I arrive early, always. Third row from the back, where the velvet seats still hold whispers of a hundred films gone by. The theatre smells faintly of dust and popcorn, and the lights haven’t dimmed yet, but I’m already wrapped in its cocoon. I pretend to scroll through my phone, though there’s no one to message. No late friend arriving with popcorn. No familiar voice whispering beside me. Just me and the flicker of a world I’m about to enter alone.
It didn’t start as a preference. Watching films alone was simply a by-product of the job. As a journalist covering cinema, I’d often be at 8am screenings, bleary-eyed and underslept, trying to make sense of films before the rest of the world had finished breakfast. The first time, it felt like an inconvenience.

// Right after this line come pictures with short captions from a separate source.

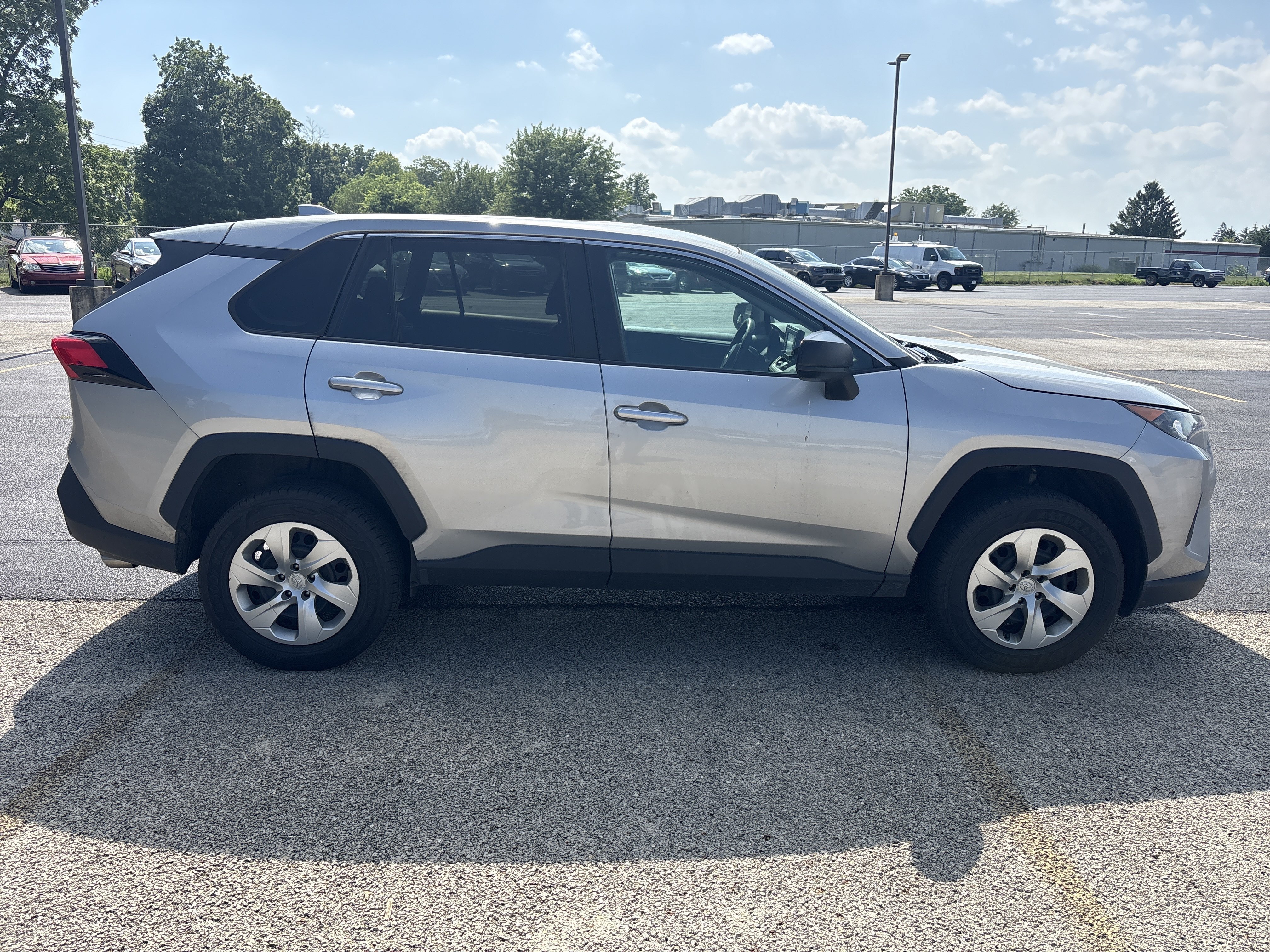 Used 2022 Silver Sky Metallic Toyota LE image 3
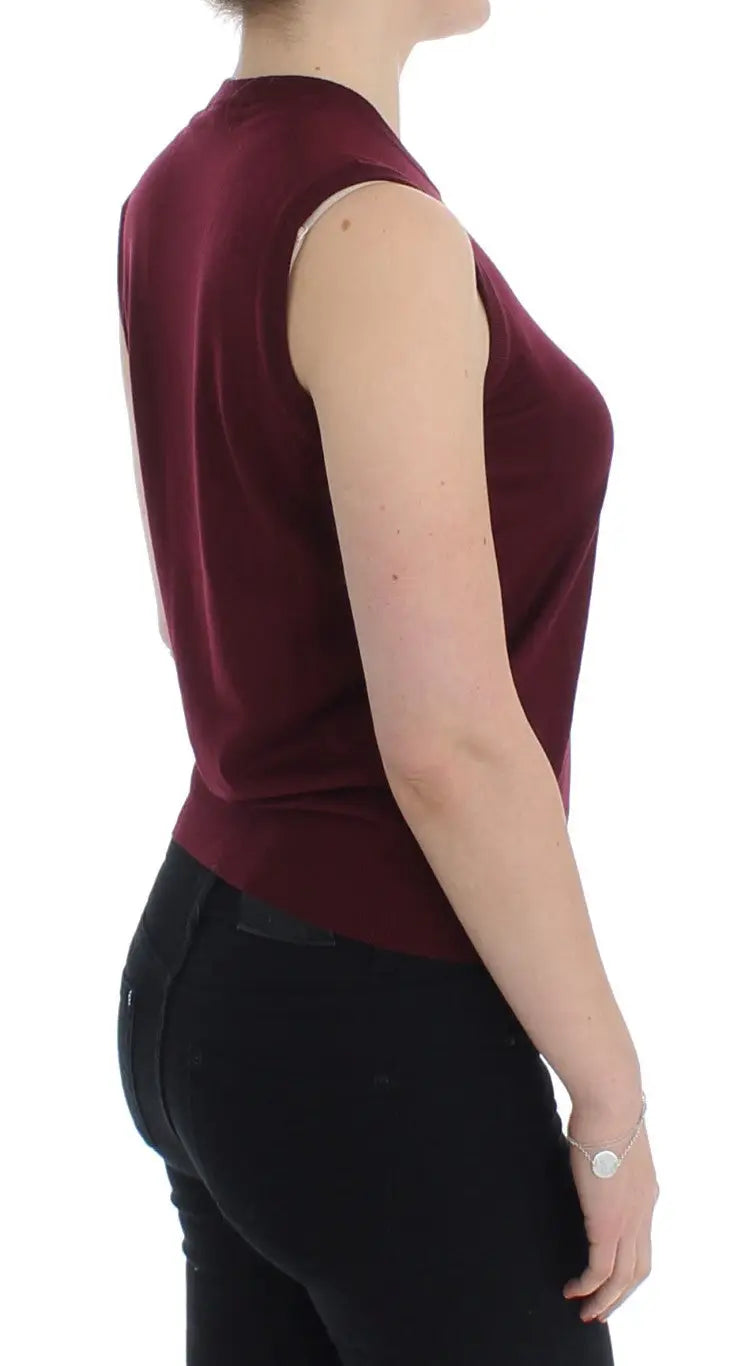 Dolce & gabbana veste rouge sans manches en satin avec une coupe ajustée et un col rond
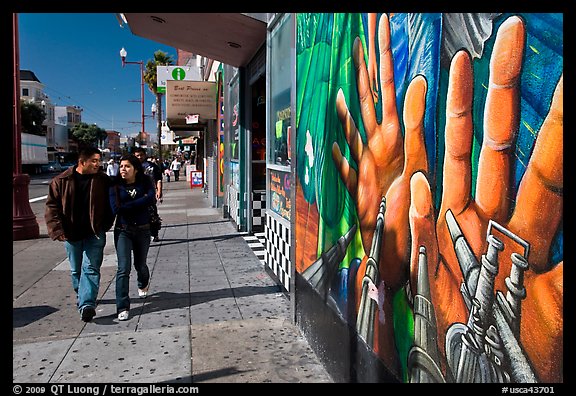 Couple walks past mural on Mission street, Mission District. San Francisco, California, USA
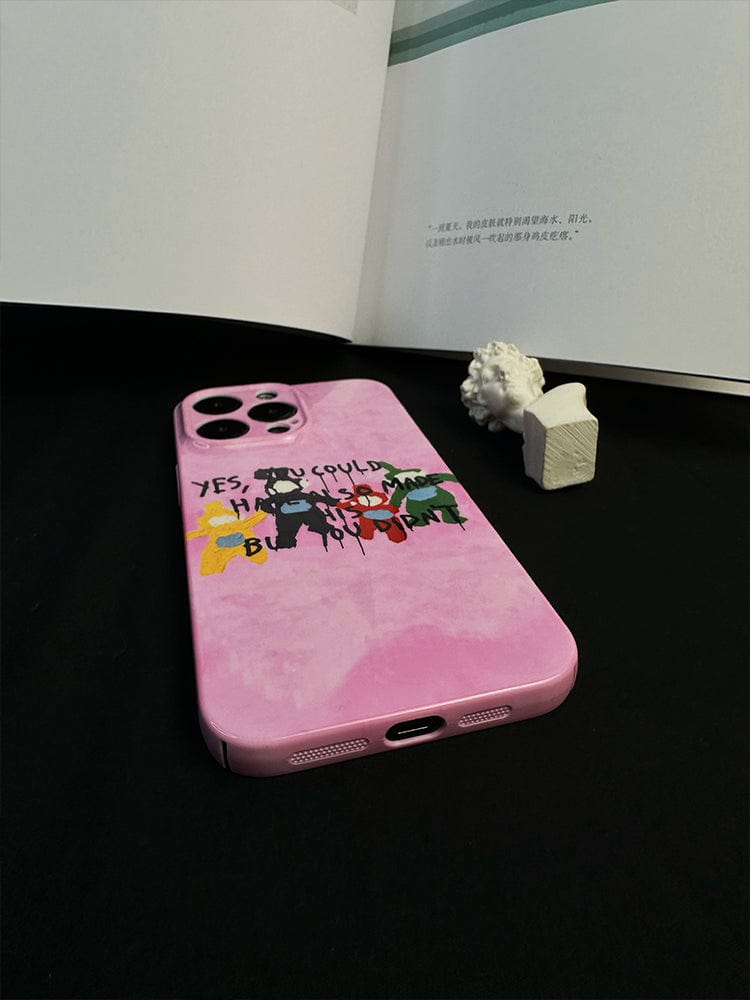 A Playful Critique iPhone 16 Pro Max Case - Bold Pink Design with Unique Artistic Statement featuring the text "YES, YOU COULD HAVE AN EPIC BIRTHDAY!" rests on a dark surface. Behind it, there's an open book with text and a small white decorative item resembling a miniature statue.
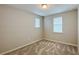 Carpeted bedroom showcasing neutral walls, trim and carpeting with two windows providing natural light at 9917 Summerlake Groves St, Winter Garden, FL 34787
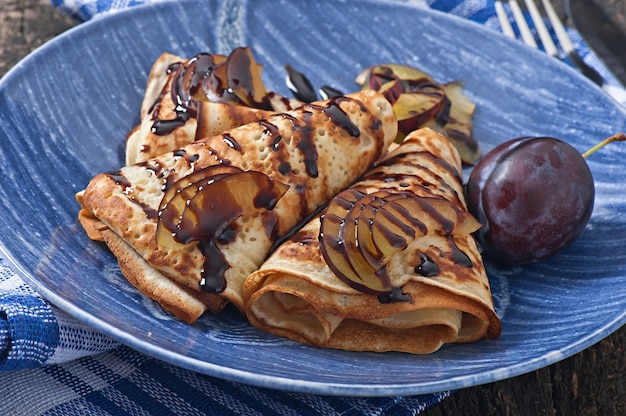 Pancakes with chocolate syrup and plums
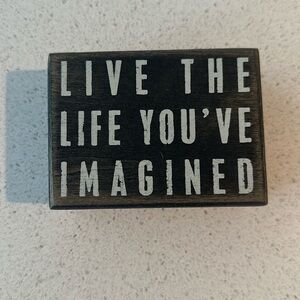 “Live the life you’ve imagined” black box sign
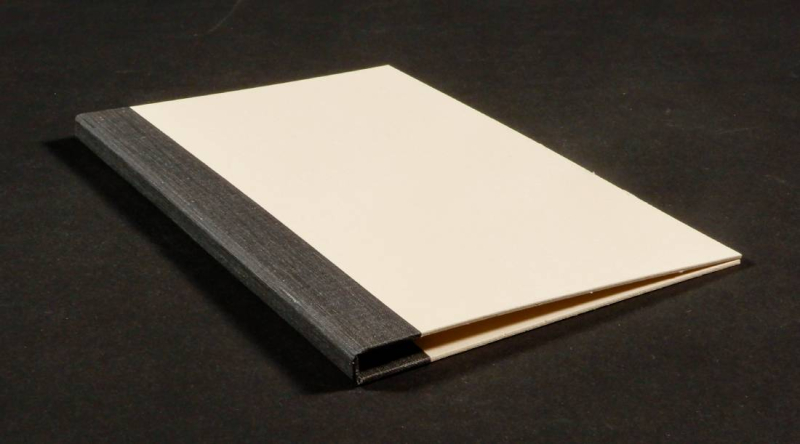 Folder over flaps of binder with black cloth along spine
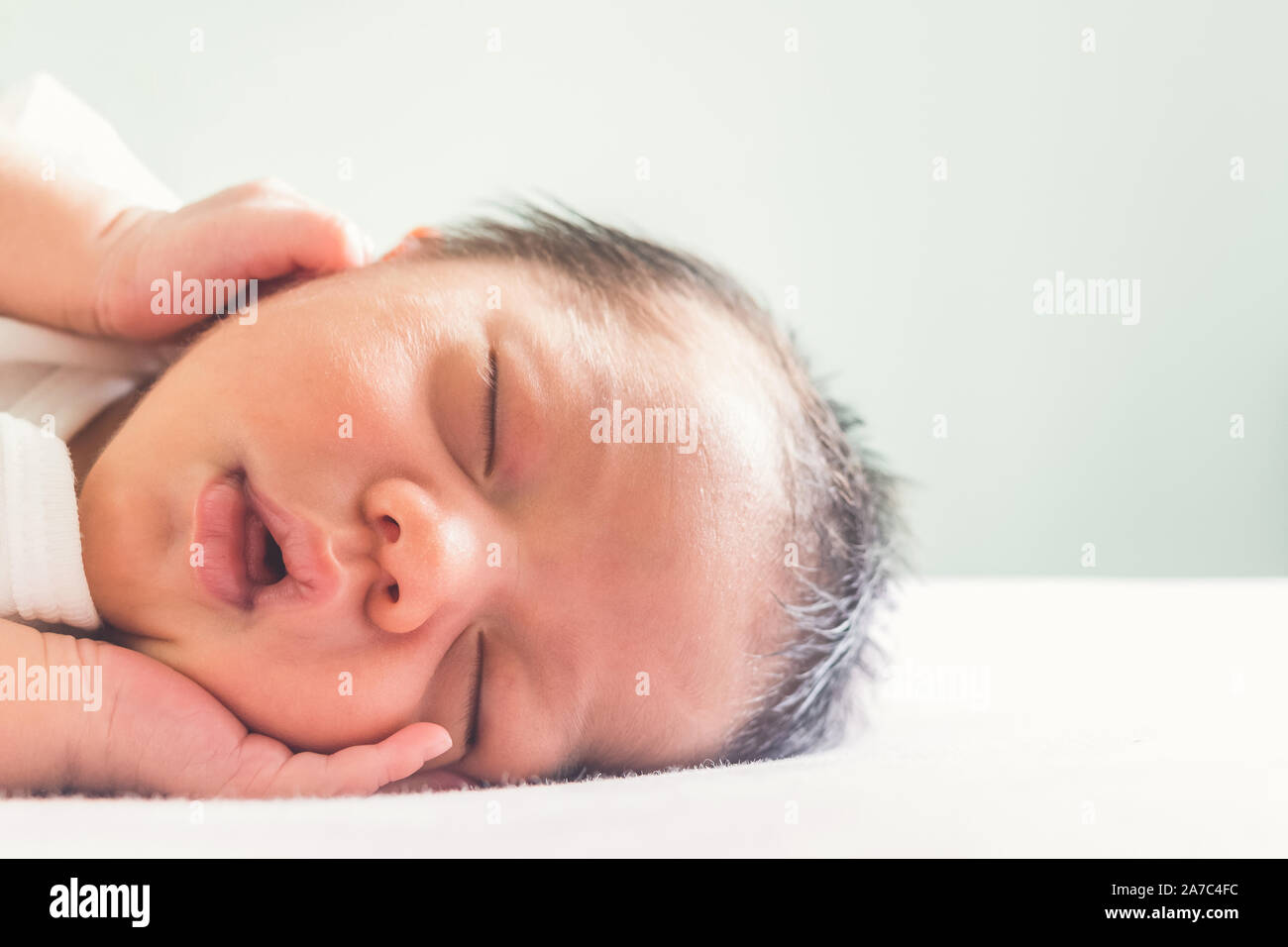 Carino neonato Bambino addormentato sul letto in camera dei bambini alla mattina il tempo con copia spazio. famiglia, sano, vita e concetto di relazione Foto Stock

By the tenth, a habit. By the twentieth, something close to devotion.
The theatre, with its fraying carpet and flickering EXIT signs, became a space where no one asked questions. Not about why I was alone. Not about whether I needed company. Here, solitude wasn’t something to explain away—it was allowed.
Subha Jayanagaraja, an entertainment journalist from Mangalore, tells me, “I’ve come to like watching films by myself because of sheer force of circumstances. I go and invariably end up purchasing four or five tickets, whatever is the bare minimum needed to ensure that the film is screened.” According to her, it’s worth the therapeutic experience it affords her.
I understand exactly what she means. There is something intensely private about watching a story unfold in the dark, the characters blooming before you in a silence you don’t have to share. It is a form of therapy with no dialogue. Just a transaction between you and the screen.
Meghna Singhal, a therapist, calls it immersion. “You’re mostly not distracted by your phone, you cannot pause the movie, you can’t respond to your to-do list or anything else that needs your attention. It’s just you and the story unfolding on the screen.”
And then there are the moments when the story does more than unfold. It tugs. The anonymity of the dark allows you to feel without performing. I cried through the last twenty minutes of Superboys of Malegaon (2024). Not a dainty, cinematic tear; the real, shoulder-shaking kind. No one noticed. Or if they did, they didn’t care. There is grace in being ignored.